In Newton's method the interpolating function is written in Newton polynomial(a.k.a Newton form). For example, given one data point ${\displaystyle (x_0,y_0)}$ we can only derive a polynomial of order zero: ${\displaystyle y=f(x)=a_0}$. Because ${\displaystyle f(x_0)=y_0}$ the newton polynomial of order zero is ${\displaystyle y=f(x)=y_0}$.

Given two data points we can write Newton's polynomial in the form of ${\displaystyle y=f(x)=a_0+a_1(x-x_0)}$. Plugging in the two data points gives us

${\displaystyle a_0=y_0}$

${\displaystyle a_1=\frac{y_1-y_0}{x_1-x_0}}$

Obviously this function passes through both data points (i.e. accurately reproduces the two data points). The first derivative of the function at ${\displaystyle x=x_0}$ is ${\displaystyle f^{\prime }(x_0)=a_1=\frac{y_1-y_0}{x_1-x_0}}$, which matches the result from the forward divided difference method.

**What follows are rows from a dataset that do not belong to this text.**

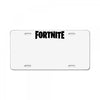 Fortnite License Plate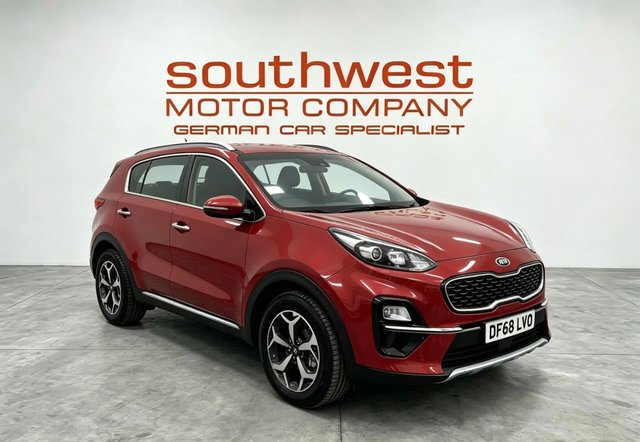 View our KIA SPORTAGE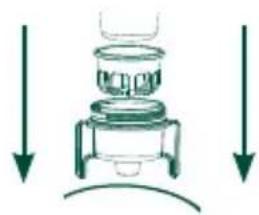 GE C7CGAAS2TS3 - INSERTING THE CHARCOAL WATER FILTER - 3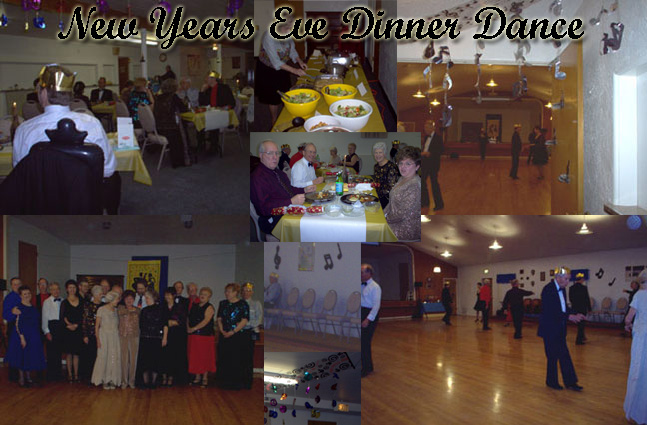 New Years Eve Dinner Dance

Given three data points we can write Newton's polynomial in the form of

${\displaystyle y=f(x)=a_0+a_1(x-x_0)+a_2(x-x_1)(x-x_0)}$

Plugging in the three data points gives us

As ${\displaystyle y_0=a_0}$ we get ${\displaystyle a_0=y_0}$

As ${\displaystyle y_1=a_0+a_1(x_1-x_0)}$ we get ${\displaystyle a_1=\frac{y_1-y_0}{x_1-x_0}}$

As ${\displaystyle y_2=a_0+a_1(x_2-x_0)+a_2(x_2-x_1)(x_2-x_0)}$

we get

${\displaystyle \begin{array}{cc}{a}_2& =\frac{y_2-a_0-a_1(x_2-x_0)}{(x_2-x_1)(x_2-x_0)}\\ & =\frac{y_2-y_0-\frac{y_1-y_0}{x_1-x_0}(x_2-x_0)}{(x_2-x_1)(x_2-x_0)}\\ & =\frac{y_2-y_0-\frac{y_1-y_0}{x_1-x_0}((x_2-x_1)+(x_1-x_0))}{(x_2-x_1)(x_2-x_0)}\\ & =\frac{y_2-y_0-\frac{y_1-y_0}{x_1-x_0}(x_2-x_1)-(y_1-y_0)}{(x_2-x_1)(x_2-x_0)}\\ & =\frac{y_2-y_1-\frac{y_1-y_0}{x_1-x_0}(x_2-x_1)}{(x_2-x_1)(x_2-x_0)}\\ & =\frac{\frac{y_2-y_1}{x_2-x_1}-\frac{y_1-y_0}{x_1-x_0}}{x_2-x_0}\\ \end{array}}$

This third degree polynomial function passes all three data points (the second derivative and the third derivative at ${\displaystyle x_0}$ and ${\displaystyle x_1}$match that from the divided difference method).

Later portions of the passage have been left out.